What the task asks
Every entry must come back exactly as it was given.

Top of Extracted material

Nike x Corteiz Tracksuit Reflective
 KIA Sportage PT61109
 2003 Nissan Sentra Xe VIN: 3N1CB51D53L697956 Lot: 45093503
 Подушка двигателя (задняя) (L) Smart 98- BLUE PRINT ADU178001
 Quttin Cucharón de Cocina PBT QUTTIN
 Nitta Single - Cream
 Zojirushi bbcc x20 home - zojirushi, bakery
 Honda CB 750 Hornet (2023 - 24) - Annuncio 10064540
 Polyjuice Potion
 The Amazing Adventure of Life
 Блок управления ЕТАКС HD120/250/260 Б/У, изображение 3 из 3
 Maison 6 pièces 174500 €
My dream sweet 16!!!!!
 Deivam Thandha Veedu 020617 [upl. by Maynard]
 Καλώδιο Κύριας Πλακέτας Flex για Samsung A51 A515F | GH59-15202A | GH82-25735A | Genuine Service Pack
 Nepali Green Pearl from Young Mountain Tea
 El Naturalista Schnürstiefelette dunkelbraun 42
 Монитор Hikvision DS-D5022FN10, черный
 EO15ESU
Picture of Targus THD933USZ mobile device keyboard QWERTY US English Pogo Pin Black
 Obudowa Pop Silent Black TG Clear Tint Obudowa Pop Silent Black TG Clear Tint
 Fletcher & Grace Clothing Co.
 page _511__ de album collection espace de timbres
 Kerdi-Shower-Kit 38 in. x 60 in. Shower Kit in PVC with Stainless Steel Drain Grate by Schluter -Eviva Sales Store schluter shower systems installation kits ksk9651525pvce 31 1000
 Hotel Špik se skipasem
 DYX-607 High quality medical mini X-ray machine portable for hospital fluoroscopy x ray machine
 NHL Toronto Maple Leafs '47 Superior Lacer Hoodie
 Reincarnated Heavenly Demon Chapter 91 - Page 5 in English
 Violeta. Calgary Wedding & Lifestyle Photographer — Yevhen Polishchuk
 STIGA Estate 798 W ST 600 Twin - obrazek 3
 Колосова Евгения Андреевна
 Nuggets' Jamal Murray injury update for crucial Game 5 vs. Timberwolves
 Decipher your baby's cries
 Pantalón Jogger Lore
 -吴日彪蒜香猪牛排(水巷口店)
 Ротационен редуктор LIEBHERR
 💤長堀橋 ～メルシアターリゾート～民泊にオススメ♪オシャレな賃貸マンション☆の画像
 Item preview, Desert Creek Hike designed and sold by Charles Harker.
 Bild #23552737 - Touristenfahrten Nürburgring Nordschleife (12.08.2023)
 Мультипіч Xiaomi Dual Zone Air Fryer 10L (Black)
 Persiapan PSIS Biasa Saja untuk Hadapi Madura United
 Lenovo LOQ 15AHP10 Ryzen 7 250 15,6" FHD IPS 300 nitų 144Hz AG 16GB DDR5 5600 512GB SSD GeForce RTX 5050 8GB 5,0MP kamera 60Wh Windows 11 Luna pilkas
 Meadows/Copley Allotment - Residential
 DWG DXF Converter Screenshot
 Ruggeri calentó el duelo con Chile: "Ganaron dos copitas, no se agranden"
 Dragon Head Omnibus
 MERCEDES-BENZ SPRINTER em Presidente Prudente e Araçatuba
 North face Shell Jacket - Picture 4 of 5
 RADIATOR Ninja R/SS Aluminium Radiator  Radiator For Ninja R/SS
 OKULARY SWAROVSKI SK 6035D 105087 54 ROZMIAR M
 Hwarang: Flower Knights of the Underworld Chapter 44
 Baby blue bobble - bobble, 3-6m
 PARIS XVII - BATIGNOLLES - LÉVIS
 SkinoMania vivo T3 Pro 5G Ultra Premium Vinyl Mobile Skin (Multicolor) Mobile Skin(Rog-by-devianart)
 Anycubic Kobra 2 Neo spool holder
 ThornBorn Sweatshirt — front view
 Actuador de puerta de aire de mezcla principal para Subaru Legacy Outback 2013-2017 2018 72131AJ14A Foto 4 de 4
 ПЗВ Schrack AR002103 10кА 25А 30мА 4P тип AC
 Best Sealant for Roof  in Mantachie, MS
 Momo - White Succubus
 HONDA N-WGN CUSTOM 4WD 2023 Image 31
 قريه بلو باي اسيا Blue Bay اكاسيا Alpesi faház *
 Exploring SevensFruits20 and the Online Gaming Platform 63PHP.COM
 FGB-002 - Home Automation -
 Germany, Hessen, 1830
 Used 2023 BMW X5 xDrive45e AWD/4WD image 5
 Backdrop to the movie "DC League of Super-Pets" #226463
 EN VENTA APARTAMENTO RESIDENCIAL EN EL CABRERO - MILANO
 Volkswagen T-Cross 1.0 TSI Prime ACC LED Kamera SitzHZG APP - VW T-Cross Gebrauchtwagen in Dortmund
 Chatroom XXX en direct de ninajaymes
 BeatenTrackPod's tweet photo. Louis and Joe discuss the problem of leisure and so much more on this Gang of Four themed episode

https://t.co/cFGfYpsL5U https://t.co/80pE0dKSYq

Bottom of Extracted material

Exercise solution
Nike x Corteiz Tracksuit Reflective
 KIA Sportage PT61109
 2003 Nissan Sentra Xe VIN: 3N1CB51D53L697956 Lot: 45093503
 Подушка двигателя (задняя) (L) Smart 98- BLUE PRINT ADU178001
 Quttin Cucharón de Cocina PBT QUTTIN
 Nitta Single - Cream
 Zojirushi bbcc x20 home - zojirushi, bakery
 Honda CB 750 Hornet (2023 - 24) - Annuncio 10064540
 Polyjuice Potion
 The Amazing Adventure of Life
 Блок управления ЕТАКС HD120/250/260 Б/У, изображение 3 из 3
 Maison 6 pièces 174500 €
My dream sweet 16!!!!!
 Deivam Thandha Veedu 020617 [upl. by Maynard]
 Καλώδιο Κύριας Πλακέτας Flex για Samsung A51 A515F | GH59-15202A | GH82-25735A | Genuine Service Pack
 Nepali Green Pearl from Young Mountain Tea
 El Naturalista Schnürstiefelette dunkelbraun 42
 Монитор Hikvision DS-D5022FN10, черный
 EO15ESU
Picture of Targus THD933USZ mobile device keyboard QWERTY US English Pogo Pin Black
 Obudowa Pop Silent Black TG Clear Tint Obudowa Pop Silent Black TG Clear Tint
 Fletcher & Grace Clothing Co.
 page _511__ de album collection espace de timbres
 Kerdi-Shower-Kit 38 in. x 60 in. Shower Kit in PVC with Stainless Steel Drain Grate by Schluter -Eviva Sales Store schluter shower systems installation kits ksk9651525pvce 31 1000
 Hotel Špik se skipasem
 DYX-607 High quality medical mini X-ray machine portable for hospital fluoroscopy x ray machine
 NHL Toronto Maple Leafs '47 Superior Lacer Hoodie
 Reincarnated Heavenly Demon Chapter 91 - Page 5 in English
 Violeta. Calgary Wedding & Lifestyle Photographer — Yevhen Polishchuk
 STIGA Estate 798 W ST 600 Twin - obrazek 3
 Колосова Евгения Андреевна
 Nuggets' Jamal Murray injury update for crucial Game 5 vs. Timberwolves
 Decipher your baby's cries
 Pantalón Jogger Lore
 -吴日彪蒜香猪牛排(水巷口店)
 Ротационен редуктор LIEBHERR
 💤長堀橋 ～メルシアターリゾート～民泊にオススメ♪オシャレな賃貸マンション☆の画像
 Item preview, Desert Creek Hike designed and sold by Charles Harker.
 Bild #23552737 - Touristenfahrten Nürburgring Nordschleife (12.08.2023)
 Мультипіч Xiaomi Dual Zone Air Fryer 10L (Black)
 Persiapan PSIS Biasa Saja untuk Hadapi Madura United
 Lenovo LOQ 15AHP10 Ryzen 7 250 15,6" FHD IPS 300 nitų 144Hz AG 16GB DDR5 5600 512GB SSD GeForce RTX 5050 8GB 5,0MP kamera 60Wh Windows 11 Luna pilkas
 Meadows/Copley Allotment - Residential
 DWG DXF Converter Screenshot
 Ruggeri calentó el duelo con Chile: "Ganaron dos copitas, no se agranden"
 Dragon Head Omnibus
 MERCEDES-BENZ SPRINTER em Presidente Prudente e Araçatuba
 North face Shell Jacket - Picture 4 of 5
 RADIATOR Ninja R/SS Aluminium Radiator  Radiator For Ninja R/SS
 OKULARY SWAROVSKI SK 6035D 105087 54 ROZMIAR M
 Hwarang: Flower Knights of the Underworld Chapter 44
 Baby blue bobble - bobble, 3-6m
 PARIS XVII - BATIGNOLLES - LÉVIS
 SkinoMania vivo T3 Pro 5G Ultra Premium Vinyl Mobile Skin (Multicolor) Mobile Skin(Rog-by-devianart)
 Anycubic Kobra 2 Neo spool holder
 ThornBorn Sweatshirt — front view
 Actuador de puerta de aire de mezcla principal para Subaru Legacy Outback 2013-2017 2018 72131AJ14A Foto 4 de 4
 ПЗВ Schrack AR002103 10кА 25А 30мА 4P тип AC
 Best Sealant for Roof  in Mantachie, MS
 Momo - White Succubus
 HONDA N-WGN CUSTOM 4WD 2023 Image 31
 قريه بلو باي اسيا Blue Bay اكاسيا Alpesi faház *
 Exploring SevensFruits20 and the Online Gaming Platform 63PHP.COM
 FGB-002 - Home Automation -
 Germany, Hessen, 1830
 Used 2023 BMW X5 xDrive45e AWD/4WD image 5
 Backdrop to the movie "DC League of Super-Pets" #226463
 EN VENTA APARTAMENTO RESIDENCIAL EN EL CABRERO - MILANO
 Volkswagen T-Cross 1.0 TSI Prime ACC LED Kamera SitzHZG APP - VW T-Cross Gebrauchtwagen in Dortmund
 Chatroom XXX en direct de ninajaymes
 BeatenTrackPod's tweet photo. Louis and Joe discuss the problem of leisure and so much more on this Gang of Four themed episode

https://t.co/cFGfYpsL5U https://t.co/80pE0dKSYq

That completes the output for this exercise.